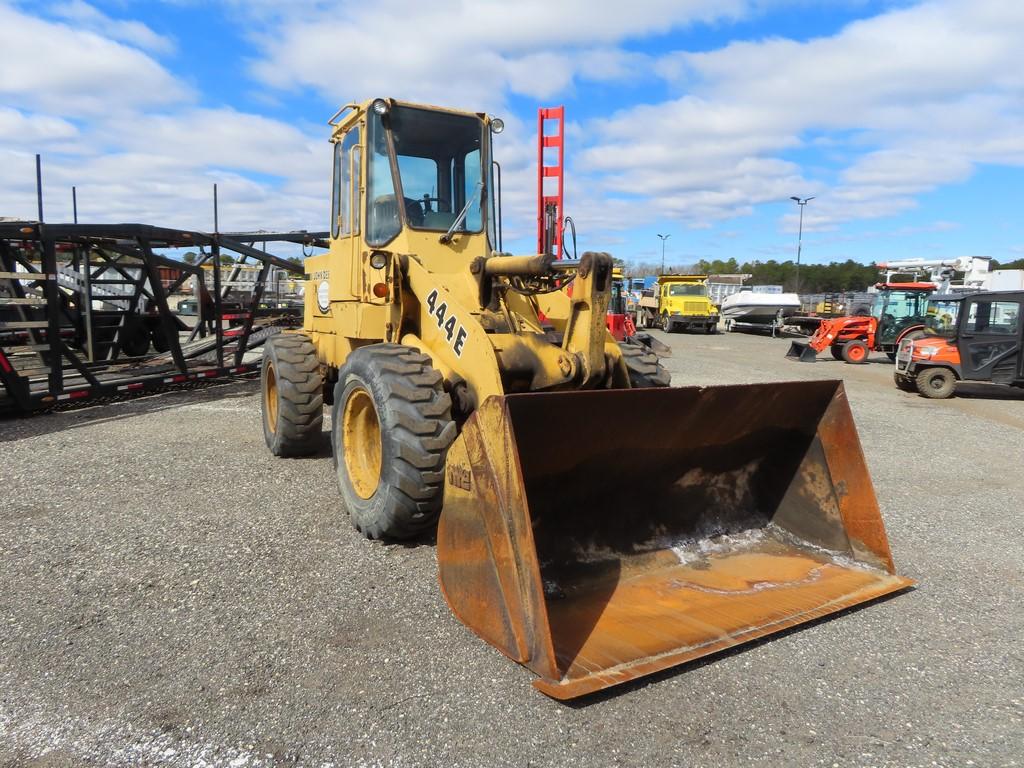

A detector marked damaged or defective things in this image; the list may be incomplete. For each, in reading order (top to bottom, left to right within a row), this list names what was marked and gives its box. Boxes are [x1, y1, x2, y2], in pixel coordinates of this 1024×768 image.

rusty loader bucket [786, 339, 819, 364]
rusty loader bucket [436, 382, 917, 700]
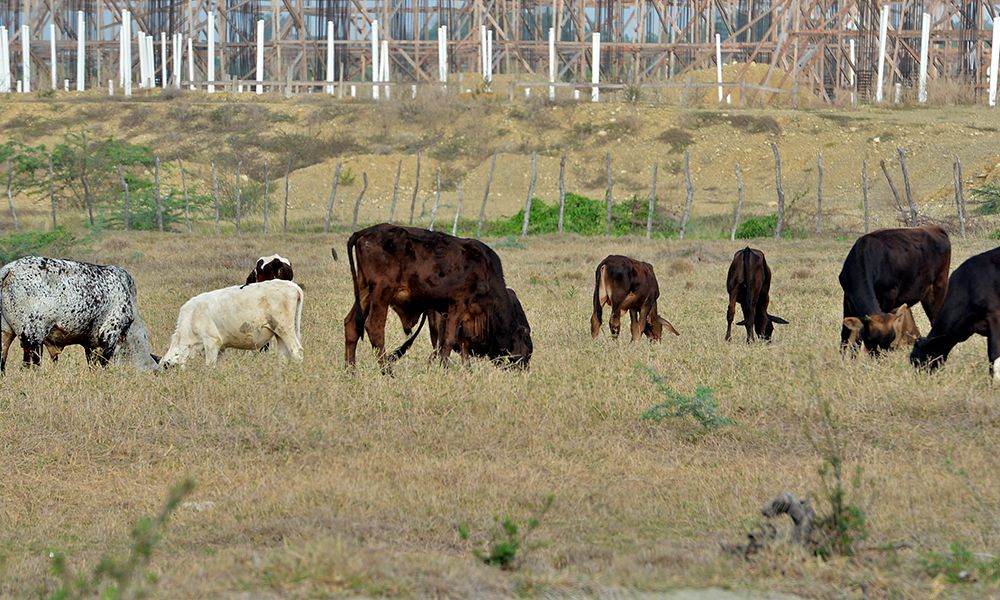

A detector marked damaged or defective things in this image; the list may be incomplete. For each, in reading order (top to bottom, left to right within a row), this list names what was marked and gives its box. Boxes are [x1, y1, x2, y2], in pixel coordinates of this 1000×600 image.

rusty metal structure [1, 0, 1000, 102]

# What to do
You are asked to output the records precisely as they appear, minus any pictures.

# Completed task
A detector marked damaged or defective things in this image; the list may be incomplete. For each, in reading order (top to bottom, left to right within a row), this list names what was marked and gives its box. Boxes are [x1, y1, x2, y2], in pixel coordinates of this 1024×768 image.

rusty loader bucket [786, 339, 819, 364]
rusty loader bucket [436, 382, 917, 700]

A detector marked damaged or defective things in this image; the list may be incomplete. For each, in reading order (top to bottom, left to right within a row), this list names what was marked and gives its box. Boxes are [x1, y1, x2, y2], in pixel coordinates of this 1000×600 image.

rusty metal structure [1, 0, 1000, 102]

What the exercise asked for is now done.